Aim of the exercise:
Give back exactly the lines of the data below, starting with the line that has "Isotoner Womens Slip" and going on through the line that has "Tork Multifold Hand".

Record excerpts:
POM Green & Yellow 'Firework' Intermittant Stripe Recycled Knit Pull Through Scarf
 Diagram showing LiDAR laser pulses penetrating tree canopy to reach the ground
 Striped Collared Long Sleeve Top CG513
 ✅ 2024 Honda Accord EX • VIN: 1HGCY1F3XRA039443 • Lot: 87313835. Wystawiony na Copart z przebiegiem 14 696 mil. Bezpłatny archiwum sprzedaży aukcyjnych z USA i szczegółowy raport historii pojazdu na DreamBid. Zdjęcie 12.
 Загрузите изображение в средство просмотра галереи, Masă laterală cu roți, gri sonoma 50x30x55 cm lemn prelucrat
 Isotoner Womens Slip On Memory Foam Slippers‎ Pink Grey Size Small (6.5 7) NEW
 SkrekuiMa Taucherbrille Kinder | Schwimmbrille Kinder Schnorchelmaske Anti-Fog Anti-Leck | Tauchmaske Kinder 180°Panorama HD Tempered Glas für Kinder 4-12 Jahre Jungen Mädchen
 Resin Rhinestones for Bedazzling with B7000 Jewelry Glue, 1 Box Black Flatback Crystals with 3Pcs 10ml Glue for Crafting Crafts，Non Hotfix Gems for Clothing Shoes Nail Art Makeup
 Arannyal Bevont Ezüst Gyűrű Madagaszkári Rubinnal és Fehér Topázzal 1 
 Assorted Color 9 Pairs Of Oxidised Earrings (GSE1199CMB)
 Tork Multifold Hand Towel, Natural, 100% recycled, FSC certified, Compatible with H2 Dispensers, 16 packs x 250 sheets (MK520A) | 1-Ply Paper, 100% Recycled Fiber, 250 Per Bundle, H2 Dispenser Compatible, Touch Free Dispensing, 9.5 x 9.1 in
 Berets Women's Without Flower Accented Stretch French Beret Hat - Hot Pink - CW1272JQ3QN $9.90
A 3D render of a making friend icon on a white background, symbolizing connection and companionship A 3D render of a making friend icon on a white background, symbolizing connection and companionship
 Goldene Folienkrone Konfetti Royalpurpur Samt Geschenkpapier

Completed exercise:
 Isotoner Womens Slip On Memory Foam Slippers‎ Pink Grey Size Small (6.5 7) NEW
 SkrekuiMa Taucherbrille Kinder | Schwimmbrille Kinder Schnorchelmaske Anti-Fog Anti-Leck | Tauchmaske Kinder 180°Panorama HD Tempered Glas für Kinder 4-12 Jahre Jungen Mädchen
 Resin Rhinestones for Bedazzling with B7000 Jewelry Glue, 1 Box Black Flatback Crystals with 3Pcs 10ml Glue for Crafting Crafts，Non Hotfix Gems for Clothing Shoes Nail Art Makeup
 Arannyal Bevont Ezüst Gyűrű Madagaszkári Rubinnal és Fehér Topázzal 1 
 Assorted Color 9 Pairs Of Oxidised Earrings (GSE1199CMB)
 Tork Multifold Hand Towel, Natural, 100% recycled, FSC certified, Compatible with H2 Dispensers, 16 packs x 250 sheets (MK520A) | 1-Ply Paper, 100% Recycled Fiber, 250 Per Bundle, H2 Dispenser Compatible, Touch Free Dispensing, 9.5 x 9.1 in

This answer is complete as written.